It happened to me last Friday. I was just going about my usual day, finishing my classes and stopping in the hallway of an academic building to text my best friend the location of where we could meet before heading off campus to devour some gourmet deep fried fast food when, all of the sudden, it dawned on me that what I was texting was amazing. Well, okay… maybe not amazing. My texting skills aren’t legendary and I wasn’t having an enormous life-altering epiphany or anything like that. But, when I reread my text to ensure that I wasn’t about to send something overflowing with crazy convoluted typos, I realized that what I had just written truly testified to how unique my education experience at Rice is.
I had asked my bestie (yes, my best friend gets to endure horribly embarrassing nicknames, including bestie and, more frequently, bestido) to meet me at the Berlin wall. The Berlin wall.
And it just hit me. I attend an institution that exhibits a portion of the Berlin wall—something so monumental and a piece of history that most people don’t ever have the opportunity to see. It was not just that though; I had requested my bestie to meet me there like it was nothing special. Like, “oh hey, let’s meet at that one big tree by the Humanities building” or something.
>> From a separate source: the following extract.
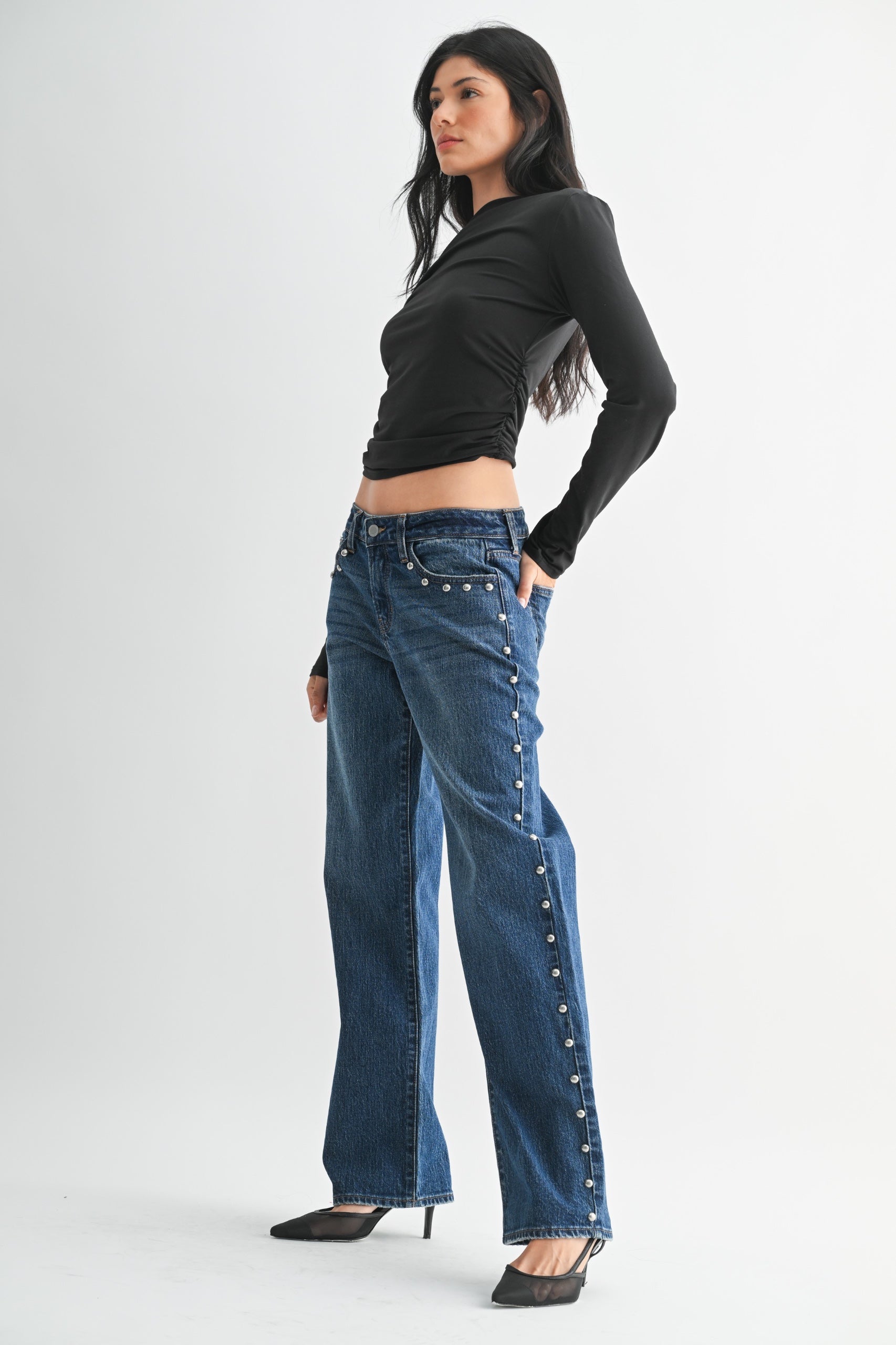 Woman wearing blue jeans with decorative buttons on a white background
That’s when I had to stop and remind myself what a privilege it is to be here at Rice. Where everything—the architecture, the courses, and even a portion of the Berlin wall—uniformly expand my horizons and push me out of my comfort zone, often without me even realizing it. Rice University has inserted me into such a culturally and academically rich environment that I will never be able to fully leave behind. Even though I am only a sophomore right now, it is beginning to sink in that my time at Rice is halfway over… or like I keep trying to tell myself, that I only have two more years of immense personal growth to achieve. I’ve changed so much during my time thus far at Rice (experimenting with different majors, joining so many different organizations, scoring unique research and fellowship opportunities) and I cannot wait to see how I am at my graduation ceremony in 2014.